Samsung Electronics has blamed two separate faults in two different batteries for the Galaxy Note 7 fiasco that saw hundreds of its smartphones explode, forcing an unprecedented global recall of the devices.
At a press conference in South Korea on Monday, the company revealed it had tested more than 200,000 fully assembled devices - and more than 30,000 batteries - and employed the services of independent investigators.
The final consensus was:
- Battery A had a defective part on the upper-right corner of the Jelly-Roll, which resulted in a deflection of the electrode and weakened the separator between the two electrodes, creating multiple paths for a potential short circuit.
- Battery B had melted copper on the negative electrode area facing the positive tab, indicating a short circuit had occurred in that location.
DJ Koh, the president of Samsung Electronics' Mobile Communications Business, today apologised to its customers for the debacle.
Before the overheating issues happened after its launch in August last year, reviews for the Galaxy Note 7 had been very positive.

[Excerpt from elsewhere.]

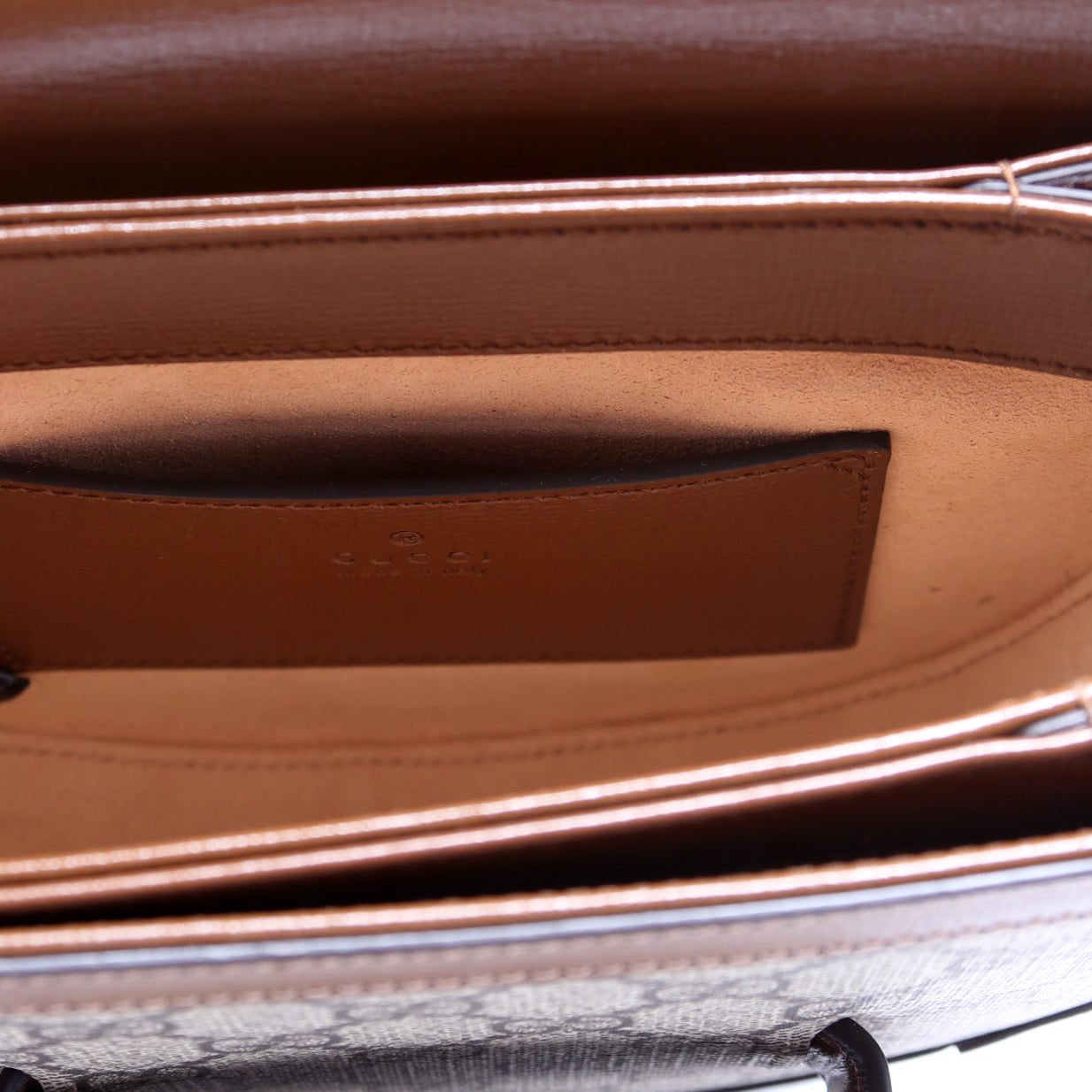 760191 Horsebit 1955 GG Supreme Mini Rounded Bag Brown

The following global recall of more than 2.5 million devices in 10 markets hurt the tech giant's reputation and pocket, albeit not as badly as people might have thought.
While sales are down by around US$5 billion, thanks to the Note 7 debacle, the company has been been able to weather much of the impact, thanks to the strength of its components business.

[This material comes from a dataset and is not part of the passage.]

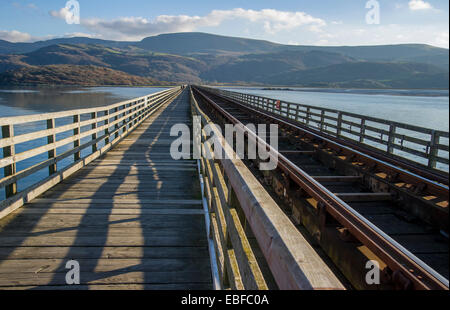 The rail and footbridge over the Mawddach estuary Barmouth Gwynedd North Wales Stock Photo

Samsungs Electronics' earnings report, due shortly, is believed to be set to show the biggest operating profit in more than three years.
To avoid future battery problems in its devices, Samsung has created an eight-step process that includes more testing, inspections and manufacturing-quality assurances and a Battery Advisory Group of external advisers and experts to look at battery safety and innovation.
Monday's announcement comes after a South Korean court dismissed a request by prosecutors to arrest Samsung vice-chairman Lee Jae-yong.
He had been under investigation for the alleged bribery of an associate of South Korean president Park Geun-hye in return for government backing of a Samsung merger in 2015.
Mr Lee claims to have been coerced into contributing funds to the associate.